As for the hyped car gameplay, that’s practically just what the component is, hype. Sure it may be fun to race around and shoot bandits, but compared to the promises made by id that such gameplay would revolutionise the FPS genre, it falls completely flat.
Add some better armour, buy some ammo and shields, and you’re off. There’s no real depth to this specific gameplay mechanic, and the novelty wears off after the first hour as you find yourself competing in races yet again so that the story can move on.
The co-op multiplayer that has been promised is also decidedly lacking, with only a handful of structured missions available, showcasing a few levels that you and your friends can explore. Likewise with multiplayer, we have no option to blast each other to bits on a map with all those lovely weapons, with that mode being used exclusively for combat-racing featuring your favourite wasteland buggies.
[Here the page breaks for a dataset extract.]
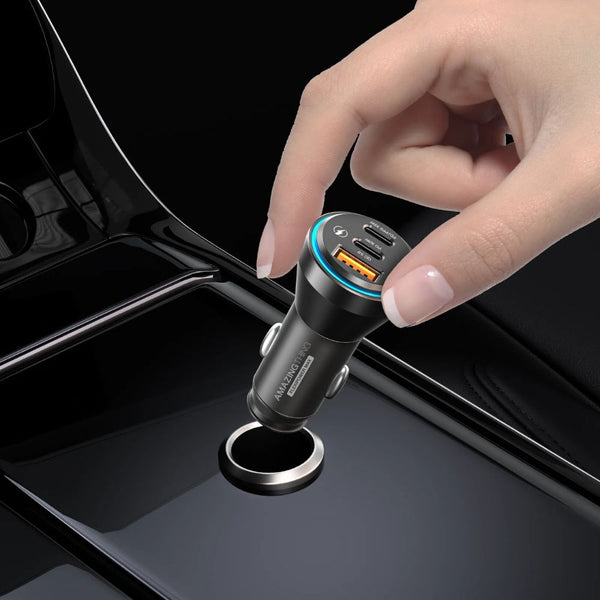 Amazingthing FlexiPower Max 63W tri-port car fast charger with 2 USB-C and 1 USB-A ports Qatar
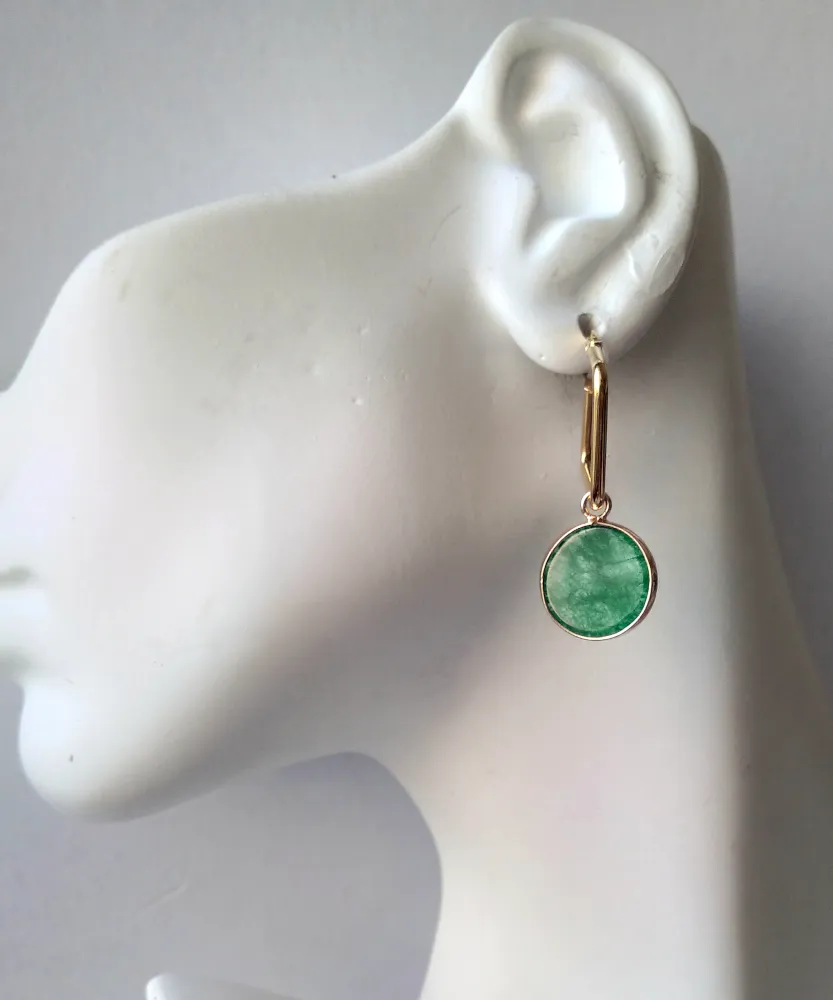 Round Green Jade Single Drop Square Hoop Earrings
In a game that is billed as a FPS title, that’s not just a slap in the face of fans. It’s an unwarranted and merciless punch from Batman that is as illogical as this sentence. While it is fun, it would have been better suited as an optional extra along with traditional deathmatch options, to let the fans decide for themselves, to see what they wanted to play.
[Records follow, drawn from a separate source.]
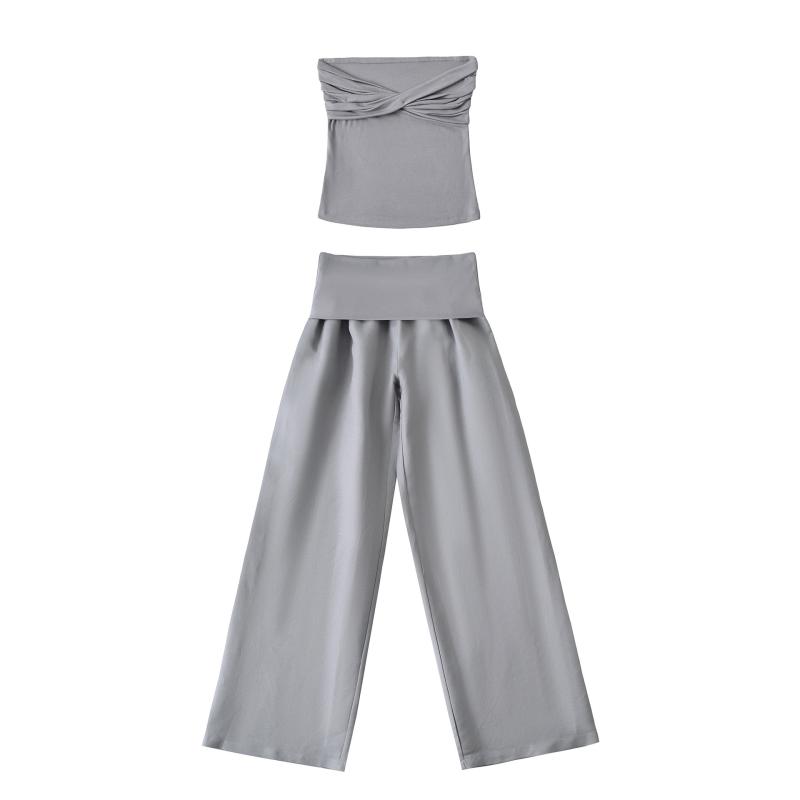 レディース トップス ツイスト 肩紐なし キャミソール ニット 長ズボン セットアップ 女性用 夏用 スリムフィット フラップ 麻 コットン ストレッチ 素材 白色 黒 グレー ブルー カーキ 長丈 タイプ 無地 柄 セクシー スタイル 私服 コーデ 日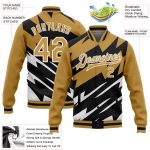 Personalized Old Gold Black-White Lightning 3D Pattern Design Bomber Full-Snap Varsity Letterman Jacket Team Custom Name and Number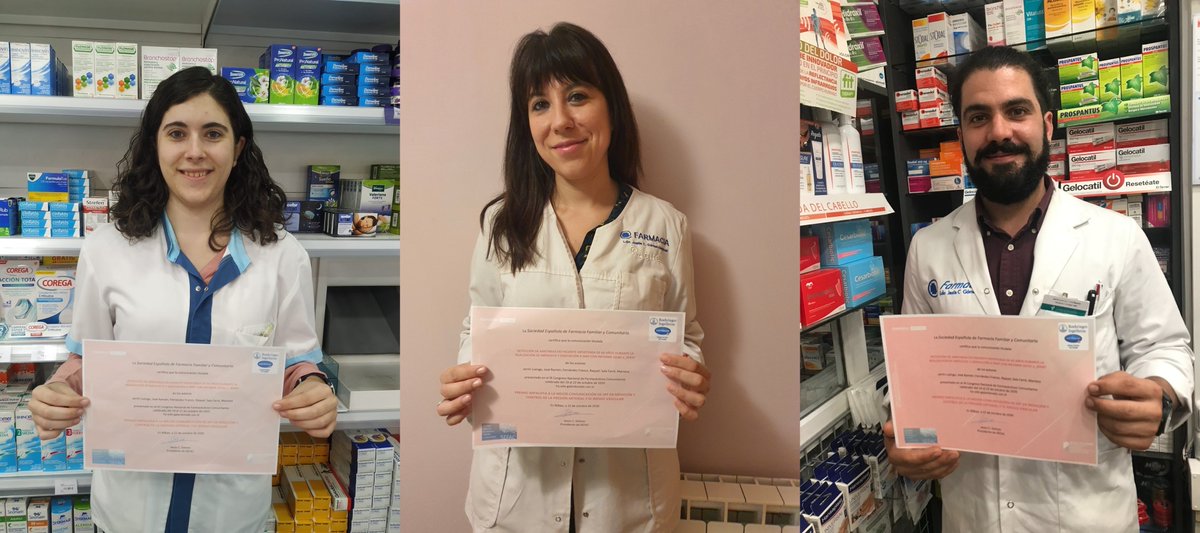 SEFAC_aldia's tweet photo. Mariona Sala, Raquel Fernández y y José Ramón Jarrín , autores del premio a la mejor comunicación de SPFA en medición y control de la presión arterial y el riesgo vascular en el congreso #SEFACvirtual2020. ¡Enhorabuena! https://t.co/rM0kyaejJC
When it comes to traditional FPS games, id is at the top of their game. Intelligent enemies, well-designed weapons and challenging scenarios make for a fun experience, that is unfortunately dampened by the racing segment which feels tacked on and unnecessary.
Design and Presentation: 7/10
When the visuals are working, they are sublime. Enemies look real and frightening, soldiers are well-designed, and the numerous nods to other id games that are scattered throughout the imaginatively designed towns is beautiful, while certain levels drag players deep down into a creepy environment that plays well to the horror origins of this studio.
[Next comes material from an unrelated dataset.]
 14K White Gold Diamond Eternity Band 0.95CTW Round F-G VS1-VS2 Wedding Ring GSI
But the chances of seeing the game run at such breath-taking beauty are rare indeed, and you’ll most likely see a unicorn before you see a section of the map that isn’t quickly rendering itself before your eyes.
A combination of side-missions and the main quests will probably see you finish the game in around 15-20 hours, but afterwards, there’s not much else to do. If you’re into car-racing and some manner of vehicular homicide, you’ll get a kick out of the multiplayer, but it’s discouraging to see no form of traditional deathmatch from id in one of their games.
Rage isn’t a terrible game, but it wastes a lot of potential, reducing what could have been another sure-fire hit for id, into an average shooter that squanders several opportunities to stand out.
Compared to other genre games that have already released earlier this year, Rage is an outclassed shooter with identity issues that bogs down what could have been a thoroughly enjoyable experience.